SL: Do you think that number will go up?

EC: We’ll see how student group spending goes, and depending on what WashU chooses to do with this new space that they acquire, and we’ll see how things play out. I can’t make this decision, but I think the WILD talent with a budget going forward will be able to stay stable around this amount in the future, unless there’s some major change.

SL: Another thing you guys hit on a bunch was funding for cultural affinity groups. Talk to me about that. How did the funding of those groups in particular go this year?

EC: In the past, if you looked at a pie chart of how much student groups are requesting out of the total budget, and then you have how much they are allocated, it doesn’t match. But with the new change of financial guidelines of allowing cultural diversity groups, what we consider a social for them has been loosened so they’re able to have more social events because by nature those groups are looking to build a community. So by softening that line for them, we’re able to fund more events. If you look at the pie chart [now], it’s significantly evened out where the requests and allocations actually match pretty well compared to previous years. So that’s where we see an increase in funding for those groups because they’re now able to request more, because we’re being more flexible with the events that they’re allowed to plan.

SL: Imagine instead of me sitting here, President-elect Hussein Amuri is sitting here. What do you think is the biggest piece of advice you’d give to him, and what do you think is the biggest challenge that he will have to face?

EC: Don’t take yourself too seriously, and don’t lose yourself in this role. Stay true to your own priorities and goals, and remind yourself that at the end of the day, no matter how frustrated or how difficult this job gets, it is student government in college. You have your entire future ahead of you. Take a deep breath, calm down, and don’t spend too much time in the office. Drawing those boundaries for yourself is the most important thing. This place has given me a sense of purpose, and your next part of life will be a whole new adventure. 

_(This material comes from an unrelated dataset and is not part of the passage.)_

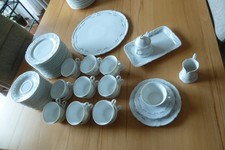 Teeservice Porzellan, "Königlich Tettau",  für 19 Personen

SL: What have you learned from this role that you’ll take with you after college? 

EC: When I was a freshman, I didn’t want to touch politics. But then you realize that everything is political, you cannot avoid it. At the same time, there is still a way to navigate it gracefully. I’m still learning how to do that. In terms of what I’ll take away from SU, I learned how to navigate and how to work with people who you don’t agree with. There’s not many opportunities where you are constantly working with all different types of unique people, and it’s really helped me calm down, become more patient, and become a better listener. I’ve dramatically calmed down and become less impulsive and erratic in terms of my decision-making. I try to gather all the facts and make sure I make the most informed decision because I want to avoid making the wrong one, but sometimes there is no right or wrong. Also, cherish the bonds that you make because in the end, regardless of all the interpersonal conflict and all the professional differences, those friendships are the ones that will last. Forget about the petty things, just focus on the fact that post-college, you’re going to forget and you’re going to laugh about all the drama, and what really is going to matter is the friendship that you built with that person.